◆ Exercise description ◆
Only the lines from the beginning of the entries through the one with "Pompoenen Dankbaar Koffiemok" should be written out, please, exactly and without any pictures.

◆ Task data ◆
==================================================

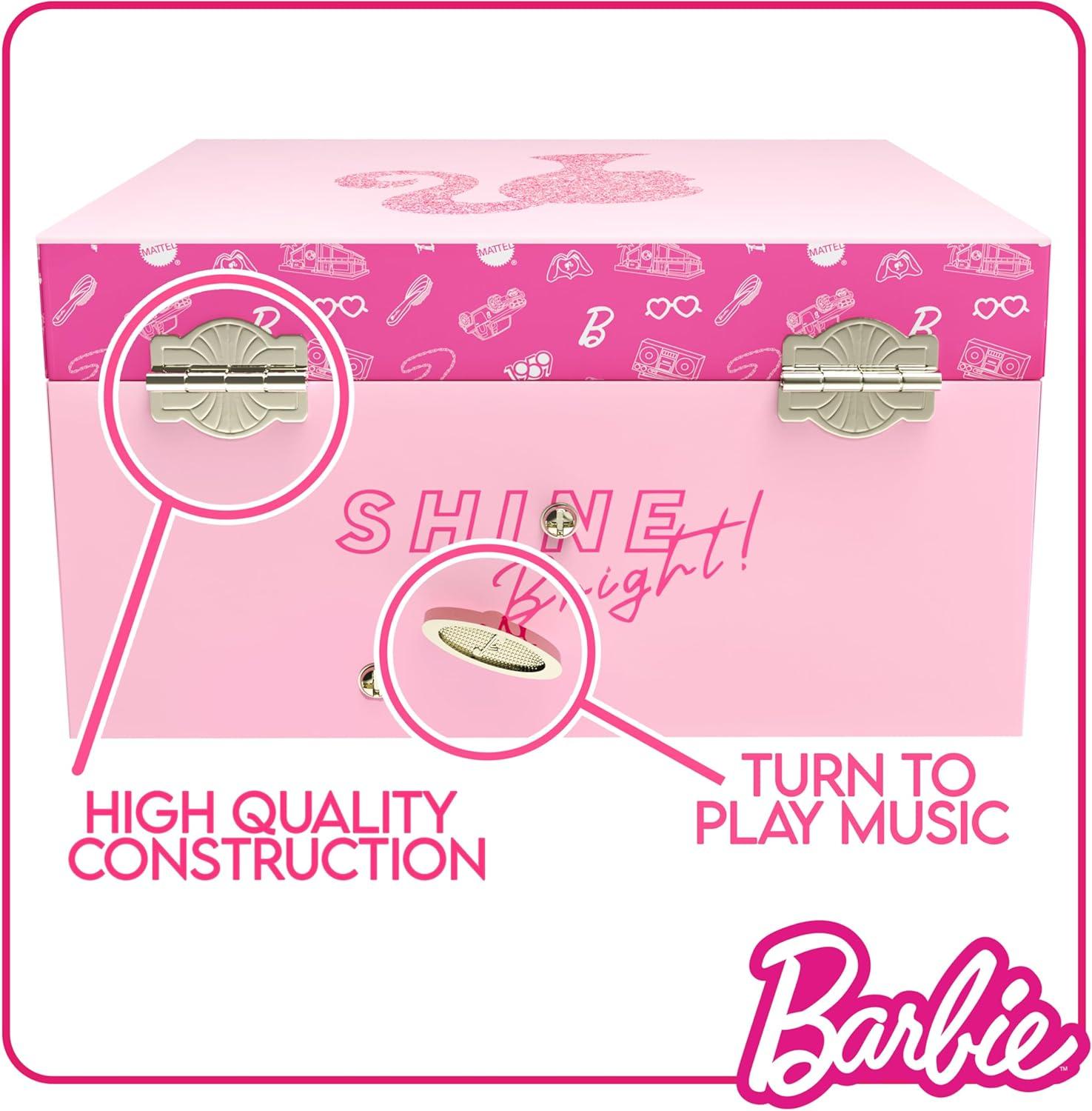 imageBluey Jewelry Box for Girls Musical Jewelry Box with Spinning Figurine Bluey Toys for Kids Ages 35 Plays Bluey Theme Song 6 x 47 x 35 inBarbie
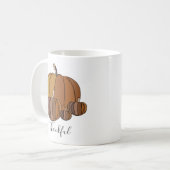 Pompoenen Dankbaar Koffiemok (Voorkant links)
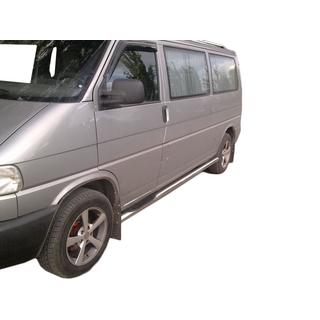 Side Bars (2 pcs, Stainless Steel) Volkswagen T4 Transporter 1990-2003 photo 1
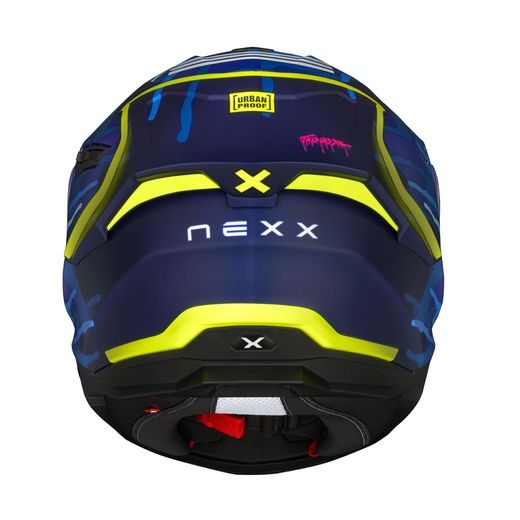 ĶIVERE NEXX HELMET Y.100R URBANGRAM INDIGO (ZILS, MATĒTS)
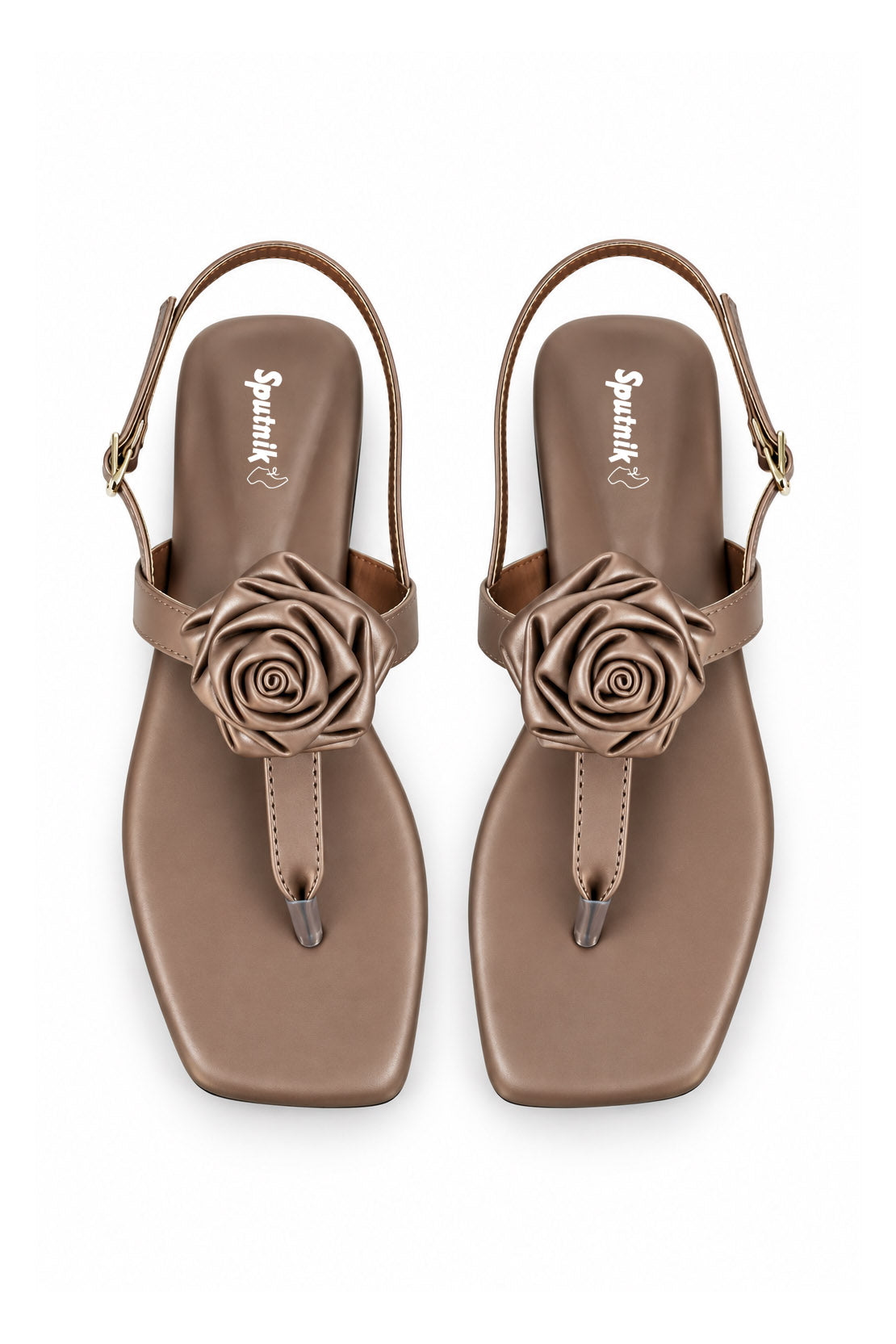 Brown Flat Slipper L03164/001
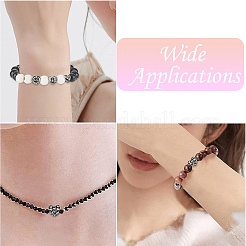 6Pcs 6 Styles 316 Surgical Stainless Steel European Beads&nbsp;STAS-CJ0002-69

==================================================

◆ Task output ◆
 imageBluey Jewelry Box for Girls Musical Jewelry Box with Spinning Figurine Bluey Toys for Kids Ages 35 Plays Bluey Theme Song 6 x 47 x 35 inBarbie
 Pompoenen Dankbaar Koffiemok (Voorkant links)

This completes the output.